Berns was recruited as COO at a health care media company one month after graduation and tasked with overhauling the organization. Stepping into the new role, she rebranded the company as The Nursing Beat and shifted its focus and content to nurses. Berns’s Pitching Innovation project has become reality. The Nursing Beat platform aims to empower nurses by delivering short-form, high-impact news stories through a nursing lens. Under her leadership, the audience has increased tenfold in two years.

That growth is a byproduct of collaboration. Berns has found she can apply some of the same skills she honed on the hospital floor in novel ways when paired with her innovation toolkit. 

“As nurses, we can triage and delegate and make things happen,” she says. “I have this beautiful skill set from nursing, and then what the MHCI did is teach me how to use that skill set as a nurse entrepreneur—and also how to identify problems that I don’t have the skill set to solve. It taught me that you don’t have to be all encompassing. You get a good team together, and it will work out.”

Claiming Space for Nurses

As a “nursepreneur,” Berns aims to shatter stereotypes about where nurses belong and what they can do beyond the bedside. 

She attends events like South by Southwest (SXSW) and ViVe, a digital health tech conference, stepping into spaces where nurses have historically been sidelined. In 2024, ViVe launched its Nursing @ ViVe initiative, drawing nearly 200 nurses to a conference traditionally dominated by investors and health care executives. Berns is  encouraged by the inclusion of more nurses, but she knows there is still work to be done.

If I’ve learned anything, it’s that you can have just as much impact away from the bedside as you can at the bedside.

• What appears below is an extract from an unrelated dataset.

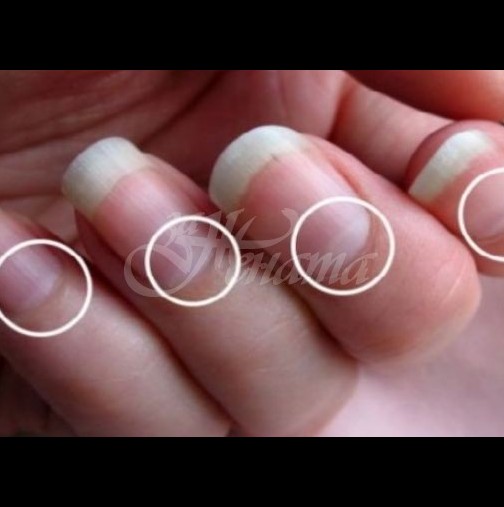 Предупредителен знак: Ако нямате полумесец на някой от ноктите си, това е важен сигнал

“We’ll meet people,” she says about her conference experience, “and they’ll say, ‘Oh, you guys are nurses? Really?’ And we’re like, ‘Yes, we are still nurses. We are always going to be nurses.’ I will never let my nursing license lapse. But we’re starting to chisel away the traditional definition of what a nurse does. There are many nurses out there that don’t do direct patient care, who are having as much of an impact on health care. And I think amplifying that message is incredible.”

At conferences, Berns speaks to stakeholders across the health care landscape, making sure the nursing perspective informs emerging technology. Building connections feels comfortable, thanks to her graduate education at Penn.

“There is a finesse to networking that’s not always talked about,” she says. “But the MHCI hosted meetings and events, and gave us space for networking. It taught me how to network.”

Becoming an Advocate

Berns’ role introduces her to artificial intelligence solutions that could improve health care. Her goal is to bring the realities of the hospital floor and the conference booth into better alignment, bridging the gap between health tech innovations and their end users—often nurses.

After attending events, she sheds light on opportunities at the bedside and beyond in articles for The Nursing Beat. Her coverage is a reminder to other nurses that they belong in these spaces, too.

“We’re a gold mine of information that’s not often utilized,” she says. “Don’t underestimate the power of a nurse.”

But Berns knows making a career in nursing sustainable requires support beyond the latest technological innovations. The MHCI has given her a deeper understanding of the health care ecosystem and how to effect change. This awareness—combined with a robust innovation skillset—empowers her to speak up on behalf of nurses in her non-clinical role.

“We don’t have enough resources to prolong the professional life of a nurse,” says Berns. “And that is what is so critical right now and needs to be a wake-up call to health care administration and local, state, and federal governments: You need to protect the health care workforce physically, financially, and psychologically.”

As her own nursing career evolves, Berns plans to continue advocating for the profession while bolstering other nurses with knowledge and community.

“I want to make sure every nurse knows that they have a voice,” she says. “And that voice is listened to by decision makers.”